▶ [INFORMATION PROVIDED]:

----------

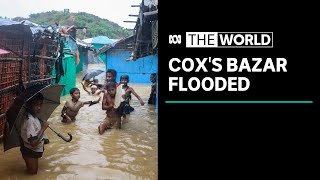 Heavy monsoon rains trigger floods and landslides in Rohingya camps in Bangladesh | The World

----------

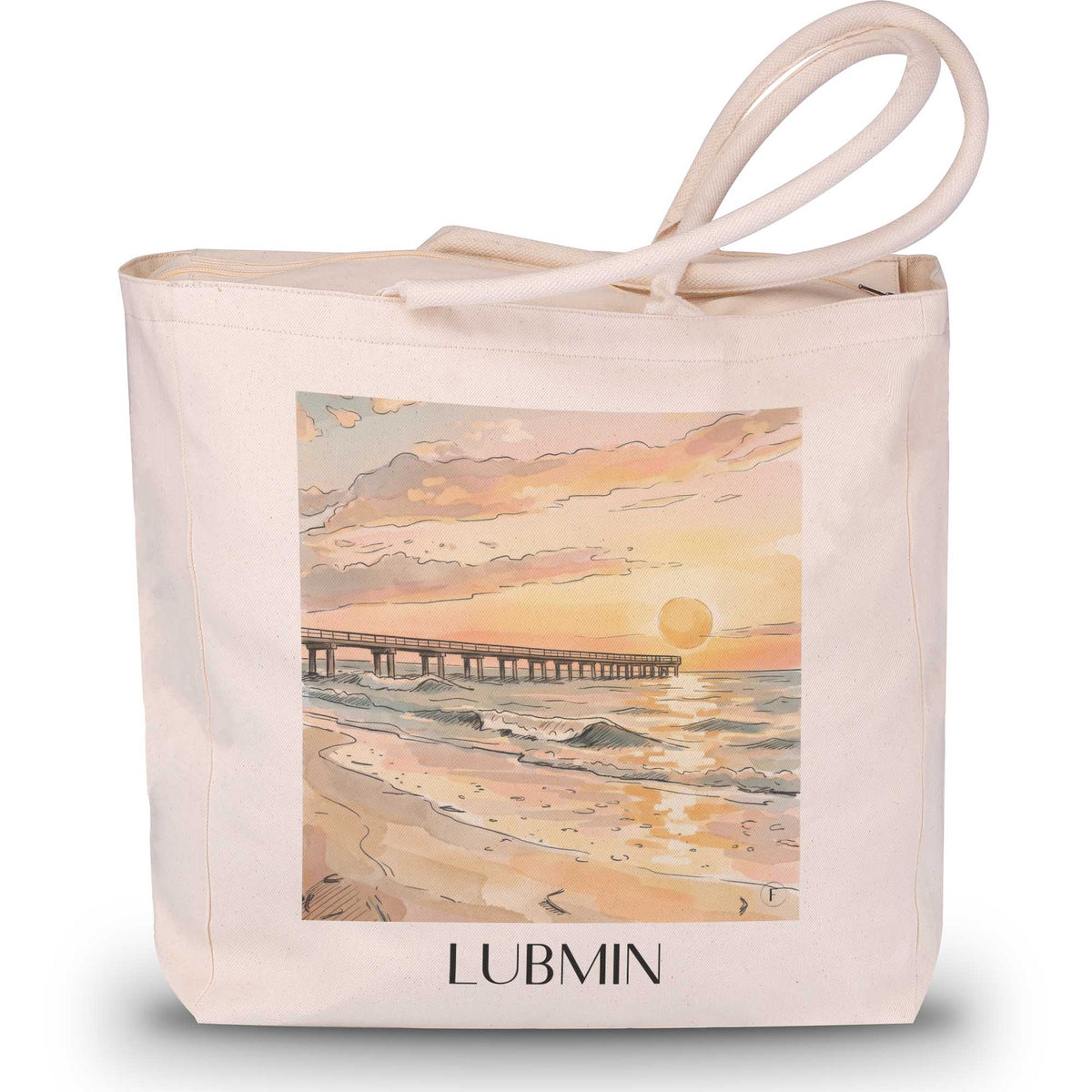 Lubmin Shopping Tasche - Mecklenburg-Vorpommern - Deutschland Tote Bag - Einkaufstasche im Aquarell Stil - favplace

----------

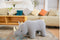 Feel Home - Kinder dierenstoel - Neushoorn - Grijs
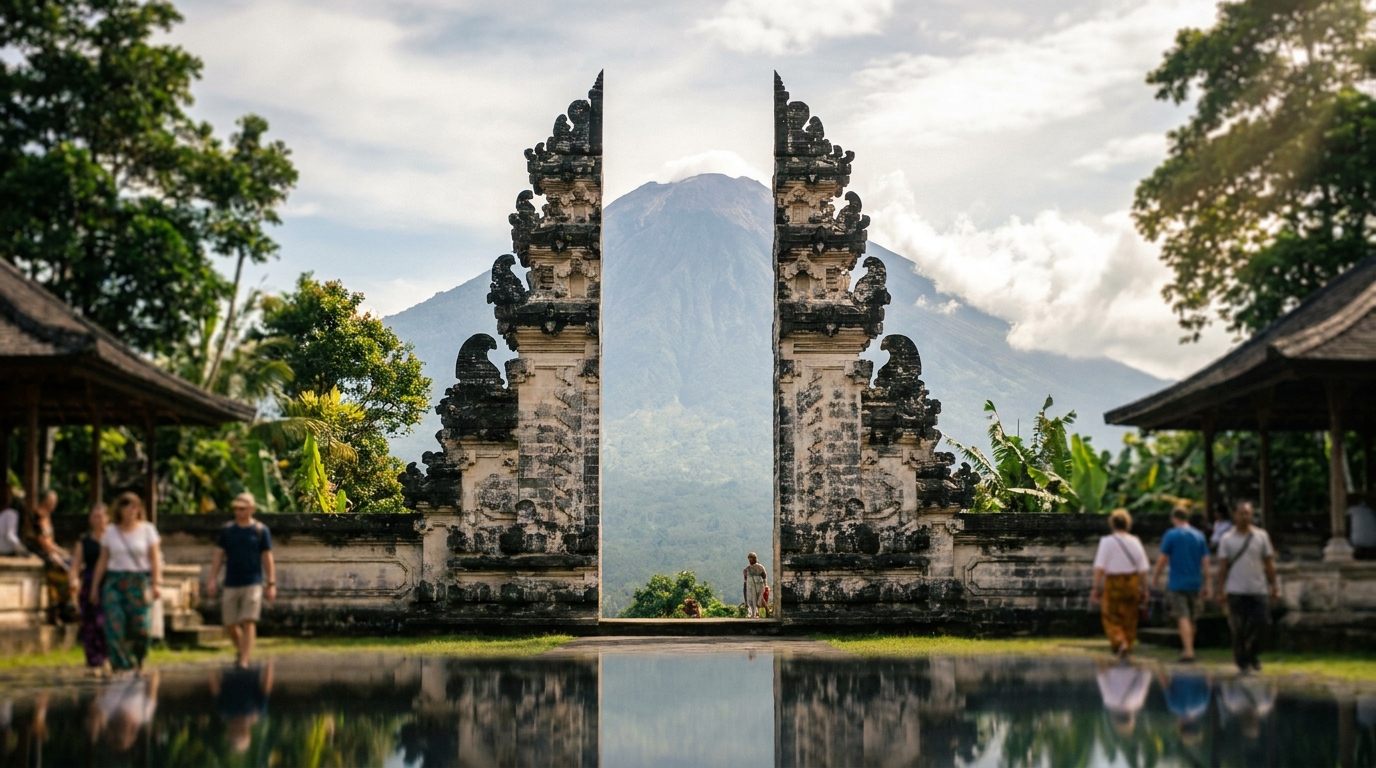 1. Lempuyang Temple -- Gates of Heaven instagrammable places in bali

----------

▶ [YOUR GOAL]:
Reproduce, exactly and only, the lines of the records above starting at the line with "Feel Home - Kinder" and ending at the line with "1. Lempuyang Temple", both included. Leave every picture out.

▶ [ANSWER FOR THE TASK]:
 Feel Home - Kinder dierenstoel - Neushoorn - Grijs
 1. Lempuyang Temple -- Gates of Heaven instagrammable places in bali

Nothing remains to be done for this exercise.